After singling for his fourth hit of the day, Oh advanced to second when Vince Bruno was hit by a pitch. After Tony Renda singled through the left side, Oh was waved home again. Left fielder Adam Nelubowich’s throw was on target this time, and Slaybaugh partially blocked home plate. But Oh craftily slid in on his left flank, dropping his left hand on home plate just ahead of the tag to give Cal a 4-2 lead.
“(Renda) was saying ‘You gotta get going again,’ and so I was like ‘Oh, this is a little deja vu,'” Oh said. “Luckily I was just able to slide in.”
An already wild game grew even wilder in the final three innings. Cal starter Chris Muse-Fisher gave up just two runs in six innings of work, but Cal’s bullpen blew his quality start. Logan Scott loaded the bases in the seventh while recording just one out, and Joey Donofrio surrendered a bases-clearing double that gave the Cougars (24-24) a 5-4 lead at the seventh inning stretch.
The Bears (26-22) proceeded to not just eliminate that deficit, but blow the game wide open.
Cal added two runs on a Chadd Krist single and a trio of Washington State errors. Oh recorded his career-high fifth hit of the afternoon on a bloop single to left, knocking in Mike Reuvekamp and advancing to second on an error.

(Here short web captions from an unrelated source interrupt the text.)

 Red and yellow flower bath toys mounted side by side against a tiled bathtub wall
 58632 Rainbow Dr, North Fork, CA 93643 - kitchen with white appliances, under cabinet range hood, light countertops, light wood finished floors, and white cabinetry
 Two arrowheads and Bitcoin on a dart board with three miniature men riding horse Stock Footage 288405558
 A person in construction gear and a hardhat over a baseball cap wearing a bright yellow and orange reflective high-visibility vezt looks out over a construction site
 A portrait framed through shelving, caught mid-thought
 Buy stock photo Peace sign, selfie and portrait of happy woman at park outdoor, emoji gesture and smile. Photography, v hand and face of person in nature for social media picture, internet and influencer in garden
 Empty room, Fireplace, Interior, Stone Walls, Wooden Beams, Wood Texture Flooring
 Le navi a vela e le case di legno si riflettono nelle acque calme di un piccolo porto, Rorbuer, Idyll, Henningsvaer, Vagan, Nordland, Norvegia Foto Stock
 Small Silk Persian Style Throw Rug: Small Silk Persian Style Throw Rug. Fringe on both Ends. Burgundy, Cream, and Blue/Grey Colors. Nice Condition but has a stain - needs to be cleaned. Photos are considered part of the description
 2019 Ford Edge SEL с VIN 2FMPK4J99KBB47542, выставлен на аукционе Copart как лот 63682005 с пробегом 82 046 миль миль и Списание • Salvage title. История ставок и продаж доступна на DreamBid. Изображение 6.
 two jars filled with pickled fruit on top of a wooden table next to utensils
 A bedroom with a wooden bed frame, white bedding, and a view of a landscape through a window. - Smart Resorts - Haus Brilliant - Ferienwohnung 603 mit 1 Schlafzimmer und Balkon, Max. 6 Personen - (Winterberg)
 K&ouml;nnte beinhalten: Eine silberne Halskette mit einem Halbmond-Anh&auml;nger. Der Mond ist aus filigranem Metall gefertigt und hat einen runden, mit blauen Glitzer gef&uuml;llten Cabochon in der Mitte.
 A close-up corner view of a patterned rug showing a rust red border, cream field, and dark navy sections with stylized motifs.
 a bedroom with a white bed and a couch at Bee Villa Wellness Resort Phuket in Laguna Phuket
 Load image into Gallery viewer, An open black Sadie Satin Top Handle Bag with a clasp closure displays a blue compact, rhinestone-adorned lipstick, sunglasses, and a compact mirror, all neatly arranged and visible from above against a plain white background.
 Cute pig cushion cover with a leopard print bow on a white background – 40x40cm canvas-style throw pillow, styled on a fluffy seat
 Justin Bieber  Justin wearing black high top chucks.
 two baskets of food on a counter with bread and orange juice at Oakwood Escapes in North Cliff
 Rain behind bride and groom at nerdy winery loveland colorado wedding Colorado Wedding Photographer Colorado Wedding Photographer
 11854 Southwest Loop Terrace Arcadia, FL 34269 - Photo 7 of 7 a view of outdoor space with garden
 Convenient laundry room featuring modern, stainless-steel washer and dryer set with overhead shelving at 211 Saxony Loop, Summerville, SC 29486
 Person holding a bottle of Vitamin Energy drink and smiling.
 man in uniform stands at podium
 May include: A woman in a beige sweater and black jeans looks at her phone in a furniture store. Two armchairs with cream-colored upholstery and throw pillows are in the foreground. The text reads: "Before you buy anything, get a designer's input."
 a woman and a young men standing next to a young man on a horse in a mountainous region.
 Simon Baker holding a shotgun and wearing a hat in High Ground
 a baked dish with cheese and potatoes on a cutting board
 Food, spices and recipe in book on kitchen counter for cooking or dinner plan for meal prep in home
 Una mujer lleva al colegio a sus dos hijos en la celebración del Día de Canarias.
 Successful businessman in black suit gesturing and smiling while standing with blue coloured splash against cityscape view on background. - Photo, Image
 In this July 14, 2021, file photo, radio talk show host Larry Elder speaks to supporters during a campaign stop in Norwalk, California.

“When I go 4-for-4 all the guys are like ‘Can you go 5-for-5?'” Oh said. “No pressure. And then when I hit that ball everyone was yelling ‘That’ll do it!'”
“It was just meant to fall.”
The Bears added two more runs in the seventh to extend their lead to 8-5, and blew the game open with five tack-on runs in the eighth. With a run already in, Oh took four balls as Washington State’s Richie Ochoa appeared to pitch around Oh rather than risk giving up Oh’s school record-tying sixth hit. Only four other Cal players have recorded six hits in a game.
“I don’t think they were trying to pitch around me,” Oh said. “(In a 3-1 count) I thought I was going to get a good pitch to hit. But I should’ve check-swung or swung and missed so I’d get another pitch to hit — on purpose, to get another pitch.”
The win snaps Cal’s three-game losing streak and numbs the sting of being swept by Arizona this weekend. The win does not count as a conference game, but the Bears will urgently need more wins like this if they want any shot of advancing to the postseason. The Bears will close the regular season with two series against the Pac-12’s best, starting with No. 11 UCLA this weekend.
“Psychologically you get in that mode where you just don’t know how to find a win,” Esquer said. “And that can get contagious as much as winning and hitting well does.”
“It’ll be good to go into practice tomorrow with a little different taste in our mouth.